- [Problem details]:
A single number is the answer: the count of lines in these records with "Easter" in them.

[Data section Boundary: Start]

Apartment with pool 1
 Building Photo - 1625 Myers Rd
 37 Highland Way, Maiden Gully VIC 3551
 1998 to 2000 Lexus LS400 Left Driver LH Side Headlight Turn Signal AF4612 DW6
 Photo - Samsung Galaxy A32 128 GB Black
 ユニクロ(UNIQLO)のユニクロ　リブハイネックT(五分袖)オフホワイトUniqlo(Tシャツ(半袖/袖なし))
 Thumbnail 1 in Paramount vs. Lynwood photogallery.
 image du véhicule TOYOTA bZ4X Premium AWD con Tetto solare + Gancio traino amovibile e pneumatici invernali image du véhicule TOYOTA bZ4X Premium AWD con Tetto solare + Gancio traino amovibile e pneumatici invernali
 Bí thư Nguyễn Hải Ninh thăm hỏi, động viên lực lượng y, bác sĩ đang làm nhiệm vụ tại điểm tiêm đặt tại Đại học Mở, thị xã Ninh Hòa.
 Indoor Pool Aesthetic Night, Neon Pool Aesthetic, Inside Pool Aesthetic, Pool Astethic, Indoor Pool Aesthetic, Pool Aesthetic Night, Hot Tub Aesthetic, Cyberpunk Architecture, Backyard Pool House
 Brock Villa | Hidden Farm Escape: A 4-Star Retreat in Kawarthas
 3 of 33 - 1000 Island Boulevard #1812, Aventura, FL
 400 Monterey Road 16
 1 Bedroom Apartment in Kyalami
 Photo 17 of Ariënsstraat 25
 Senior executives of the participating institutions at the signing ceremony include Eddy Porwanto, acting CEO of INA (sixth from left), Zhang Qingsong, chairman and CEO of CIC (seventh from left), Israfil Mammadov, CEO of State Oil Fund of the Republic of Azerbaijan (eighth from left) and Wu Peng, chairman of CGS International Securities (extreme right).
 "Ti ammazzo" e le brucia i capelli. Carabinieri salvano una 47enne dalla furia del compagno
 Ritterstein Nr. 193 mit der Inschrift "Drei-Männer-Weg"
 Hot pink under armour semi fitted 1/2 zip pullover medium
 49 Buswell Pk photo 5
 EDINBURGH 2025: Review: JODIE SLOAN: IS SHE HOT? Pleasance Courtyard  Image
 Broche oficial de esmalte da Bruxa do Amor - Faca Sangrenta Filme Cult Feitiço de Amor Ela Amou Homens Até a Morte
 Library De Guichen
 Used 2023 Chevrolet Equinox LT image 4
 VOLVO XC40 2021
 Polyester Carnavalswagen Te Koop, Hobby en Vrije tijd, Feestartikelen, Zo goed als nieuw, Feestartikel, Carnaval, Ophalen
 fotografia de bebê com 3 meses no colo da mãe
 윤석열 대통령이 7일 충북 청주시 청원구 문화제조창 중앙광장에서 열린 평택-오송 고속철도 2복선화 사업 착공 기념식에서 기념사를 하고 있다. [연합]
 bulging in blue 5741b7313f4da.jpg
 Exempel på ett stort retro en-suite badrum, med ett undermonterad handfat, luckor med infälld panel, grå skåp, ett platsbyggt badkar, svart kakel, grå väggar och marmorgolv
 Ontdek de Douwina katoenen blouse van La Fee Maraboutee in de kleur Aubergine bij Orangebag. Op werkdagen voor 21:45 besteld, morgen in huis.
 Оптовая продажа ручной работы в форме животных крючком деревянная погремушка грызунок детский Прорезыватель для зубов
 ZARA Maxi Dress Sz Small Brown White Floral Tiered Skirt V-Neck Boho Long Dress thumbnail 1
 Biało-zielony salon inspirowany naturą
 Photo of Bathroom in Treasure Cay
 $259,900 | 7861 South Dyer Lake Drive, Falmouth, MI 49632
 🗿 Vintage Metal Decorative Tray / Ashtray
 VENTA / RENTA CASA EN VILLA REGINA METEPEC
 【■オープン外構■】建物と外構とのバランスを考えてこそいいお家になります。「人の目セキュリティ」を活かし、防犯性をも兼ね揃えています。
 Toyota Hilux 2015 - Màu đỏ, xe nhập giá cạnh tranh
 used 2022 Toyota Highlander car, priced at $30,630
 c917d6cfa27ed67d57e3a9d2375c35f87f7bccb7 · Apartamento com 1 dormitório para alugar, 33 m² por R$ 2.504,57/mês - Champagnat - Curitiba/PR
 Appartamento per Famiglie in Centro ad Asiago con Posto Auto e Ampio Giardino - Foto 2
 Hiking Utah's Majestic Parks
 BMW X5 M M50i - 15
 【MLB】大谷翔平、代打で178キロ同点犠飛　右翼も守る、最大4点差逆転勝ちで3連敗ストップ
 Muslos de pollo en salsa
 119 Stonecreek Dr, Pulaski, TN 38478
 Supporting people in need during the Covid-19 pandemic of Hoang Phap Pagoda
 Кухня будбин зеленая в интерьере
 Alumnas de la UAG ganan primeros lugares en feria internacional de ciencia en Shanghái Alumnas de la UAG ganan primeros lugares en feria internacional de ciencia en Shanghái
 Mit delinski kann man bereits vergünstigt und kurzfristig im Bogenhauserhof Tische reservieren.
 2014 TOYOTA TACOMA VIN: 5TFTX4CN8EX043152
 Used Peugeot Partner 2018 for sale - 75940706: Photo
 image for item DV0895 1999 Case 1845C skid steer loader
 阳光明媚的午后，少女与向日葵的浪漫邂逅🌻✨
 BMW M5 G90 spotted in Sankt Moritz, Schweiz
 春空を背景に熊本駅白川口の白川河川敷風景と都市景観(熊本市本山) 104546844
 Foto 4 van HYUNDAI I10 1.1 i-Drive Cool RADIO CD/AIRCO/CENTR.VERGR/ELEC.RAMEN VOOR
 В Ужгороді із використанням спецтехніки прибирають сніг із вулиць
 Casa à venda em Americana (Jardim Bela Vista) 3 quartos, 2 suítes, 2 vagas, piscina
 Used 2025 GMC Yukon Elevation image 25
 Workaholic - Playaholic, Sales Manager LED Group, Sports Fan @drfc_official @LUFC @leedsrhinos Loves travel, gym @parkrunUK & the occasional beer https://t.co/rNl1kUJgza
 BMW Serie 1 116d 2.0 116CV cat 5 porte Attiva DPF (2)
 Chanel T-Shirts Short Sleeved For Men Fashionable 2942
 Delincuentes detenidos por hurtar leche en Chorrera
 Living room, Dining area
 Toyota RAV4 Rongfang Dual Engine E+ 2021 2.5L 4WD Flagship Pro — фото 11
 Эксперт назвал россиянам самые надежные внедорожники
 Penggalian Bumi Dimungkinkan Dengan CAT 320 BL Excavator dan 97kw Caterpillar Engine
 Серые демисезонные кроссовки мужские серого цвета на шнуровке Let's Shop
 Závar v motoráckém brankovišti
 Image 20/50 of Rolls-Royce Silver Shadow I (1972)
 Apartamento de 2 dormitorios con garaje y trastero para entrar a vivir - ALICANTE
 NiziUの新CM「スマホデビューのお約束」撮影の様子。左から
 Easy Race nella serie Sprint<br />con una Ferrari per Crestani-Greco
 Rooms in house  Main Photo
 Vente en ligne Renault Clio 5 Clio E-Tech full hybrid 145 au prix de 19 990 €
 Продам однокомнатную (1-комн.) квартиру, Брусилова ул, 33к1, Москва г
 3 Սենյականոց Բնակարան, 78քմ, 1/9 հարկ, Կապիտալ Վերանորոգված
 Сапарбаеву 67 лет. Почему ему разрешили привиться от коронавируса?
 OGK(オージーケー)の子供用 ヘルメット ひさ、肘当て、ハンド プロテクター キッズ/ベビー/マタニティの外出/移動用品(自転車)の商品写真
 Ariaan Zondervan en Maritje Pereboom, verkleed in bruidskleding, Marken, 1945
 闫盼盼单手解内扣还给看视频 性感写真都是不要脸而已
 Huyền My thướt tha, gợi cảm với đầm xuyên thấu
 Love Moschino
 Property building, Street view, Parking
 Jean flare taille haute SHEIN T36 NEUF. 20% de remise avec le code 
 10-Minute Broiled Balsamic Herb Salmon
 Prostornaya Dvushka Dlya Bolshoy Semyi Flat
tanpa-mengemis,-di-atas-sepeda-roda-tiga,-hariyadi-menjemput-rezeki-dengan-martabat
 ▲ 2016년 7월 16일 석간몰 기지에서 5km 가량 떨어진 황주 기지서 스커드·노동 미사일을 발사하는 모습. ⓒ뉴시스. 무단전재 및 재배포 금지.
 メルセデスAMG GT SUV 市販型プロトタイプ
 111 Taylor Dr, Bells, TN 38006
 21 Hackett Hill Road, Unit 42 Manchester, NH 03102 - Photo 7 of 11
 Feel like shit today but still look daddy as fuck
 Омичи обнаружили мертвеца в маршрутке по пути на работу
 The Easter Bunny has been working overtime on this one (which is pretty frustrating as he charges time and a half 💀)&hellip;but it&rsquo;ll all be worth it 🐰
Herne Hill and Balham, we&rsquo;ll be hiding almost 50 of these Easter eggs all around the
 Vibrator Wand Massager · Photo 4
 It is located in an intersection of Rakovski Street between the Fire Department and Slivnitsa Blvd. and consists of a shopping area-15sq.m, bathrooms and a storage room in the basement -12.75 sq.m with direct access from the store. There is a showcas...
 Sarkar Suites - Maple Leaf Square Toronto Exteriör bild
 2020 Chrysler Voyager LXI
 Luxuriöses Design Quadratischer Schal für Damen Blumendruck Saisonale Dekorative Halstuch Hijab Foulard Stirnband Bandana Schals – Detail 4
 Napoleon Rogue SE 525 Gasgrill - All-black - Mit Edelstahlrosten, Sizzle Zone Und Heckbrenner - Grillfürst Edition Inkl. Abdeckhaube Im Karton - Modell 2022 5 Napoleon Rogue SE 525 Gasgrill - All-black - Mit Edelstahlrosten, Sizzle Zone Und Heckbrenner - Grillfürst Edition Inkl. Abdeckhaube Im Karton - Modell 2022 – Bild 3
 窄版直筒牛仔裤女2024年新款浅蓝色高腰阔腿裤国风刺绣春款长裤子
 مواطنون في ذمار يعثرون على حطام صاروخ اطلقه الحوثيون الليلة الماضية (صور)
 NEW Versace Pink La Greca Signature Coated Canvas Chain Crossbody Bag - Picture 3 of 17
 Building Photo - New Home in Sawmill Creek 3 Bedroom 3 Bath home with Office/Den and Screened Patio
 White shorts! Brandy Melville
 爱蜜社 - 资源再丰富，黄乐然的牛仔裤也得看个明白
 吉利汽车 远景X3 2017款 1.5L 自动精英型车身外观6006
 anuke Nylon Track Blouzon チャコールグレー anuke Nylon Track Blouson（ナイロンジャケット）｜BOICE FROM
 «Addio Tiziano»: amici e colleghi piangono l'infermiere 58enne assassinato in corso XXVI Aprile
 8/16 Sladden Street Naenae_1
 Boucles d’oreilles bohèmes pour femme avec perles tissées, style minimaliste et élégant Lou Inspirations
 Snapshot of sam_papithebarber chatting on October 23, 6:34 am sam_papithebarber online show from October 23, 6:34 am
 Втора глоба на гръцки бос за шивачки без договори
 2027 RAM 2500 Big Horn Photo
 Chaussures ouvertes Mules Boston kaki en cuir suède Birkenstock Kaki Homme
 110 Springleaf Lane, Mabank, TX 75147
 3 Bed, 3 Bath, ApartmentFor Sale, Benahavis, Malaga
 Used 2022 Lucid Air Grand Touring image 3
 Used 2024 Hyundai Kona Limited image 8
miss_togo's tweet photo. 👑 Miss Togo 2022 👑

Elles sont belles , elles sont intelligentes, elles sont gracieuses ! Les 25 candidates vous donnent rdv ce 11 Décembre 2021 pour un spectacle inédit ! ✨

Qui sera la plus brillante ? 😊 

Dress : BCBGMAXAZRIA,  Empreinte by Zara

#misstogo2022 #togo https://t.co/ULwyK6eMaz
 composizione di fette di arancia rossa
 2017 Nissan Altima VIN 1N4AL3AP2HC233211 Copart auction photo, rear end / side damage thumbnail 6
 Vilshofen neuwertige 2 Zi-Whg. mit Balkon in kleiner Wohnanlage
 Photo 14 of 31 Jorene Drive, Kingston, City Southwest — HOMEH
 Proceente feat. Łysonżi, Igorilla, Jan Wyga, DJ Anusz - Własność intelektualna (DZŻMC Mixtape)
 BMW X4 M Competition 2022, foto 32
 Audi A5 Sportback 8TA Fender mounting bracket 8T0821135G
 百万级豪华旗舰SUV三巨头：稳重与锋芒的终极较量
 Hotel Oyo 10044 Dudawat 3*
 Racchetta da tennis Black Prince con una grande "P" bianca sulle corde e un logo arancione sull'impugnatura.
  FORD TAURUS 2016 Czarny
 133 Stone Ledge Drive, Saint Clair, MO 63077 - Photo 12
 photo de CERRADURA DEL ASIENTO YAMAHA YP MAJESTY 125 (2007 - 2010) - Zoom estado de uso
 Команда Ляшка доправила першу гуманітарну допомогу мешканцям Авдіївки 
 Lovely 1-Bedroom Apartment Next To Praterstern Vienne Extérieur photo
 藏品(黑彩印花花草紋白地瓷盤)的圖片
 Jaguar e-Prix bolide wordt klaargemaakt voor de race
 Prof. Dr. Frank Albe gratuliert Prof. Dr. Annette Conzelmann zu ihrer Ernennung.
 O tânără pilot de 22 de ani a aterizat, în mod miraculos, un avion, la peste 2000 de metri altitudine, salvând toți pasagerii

[Data section Boundary: End]

- [Written response]:
2